Comparison of the Sustainability of the Vegetable, Wet-White and Chromium Tanning Processes through the Life Cycle Analysis

Main Article Content

Anna Bacardit
Felip Combalia
Joaquim Font
Grau Baquero


Public concerns about the quality of life of human beings as well as the quality of natural environments and ecosystems have led to the increasing importance of sustainability for governments and for all industries, including the leather industry. In this context, more "ecological" leather goods are being demanded. It should be noted that this concept is often used without a scientific study to support it. 

This concept of sustainable or ecological product in the field of leather goods, are mainly associated with chrome-free tanneries (that is vegetable and wet-white), but this association should be backed up or dismissed by scientific evidence. A complete scientific study is required, which takes into account the different stages of leather production, including also the treatment of water and by-products, analyzing in a scientific and systematic way the environmental impact of each of these tanning processes. 

This study focuses on the life cycle analysis of the three basic tanning processes: chrome, vegetable and wet-white leather production.
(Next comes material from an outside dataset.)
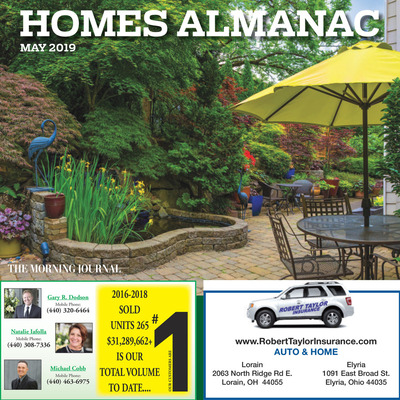 Morning Journal - Special Sections - Homes Almanac - May 2019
It will focus on European manufacturing to have reliable data and reduce uncertainty. 

In the tanning stage, the process with the greatest impact is the vegetable one, to highlight its high impact on global warming at 100 years (GWP100). This result is due to the energy necessary for the production of mimosa and quebracho in addition to the energy for the processing of the leather in the drums. 

Wet white tanning with glutaraldehyde has lowest environmental results than vegetable tanning. 

The chrome tanning process (wet blue) also stands out for its reduced environmental impact. 

Subsequently, to have a global view of the entire production, the LCA of the post-tanning stages must be performed to evaluate the impact of each of the systems studied.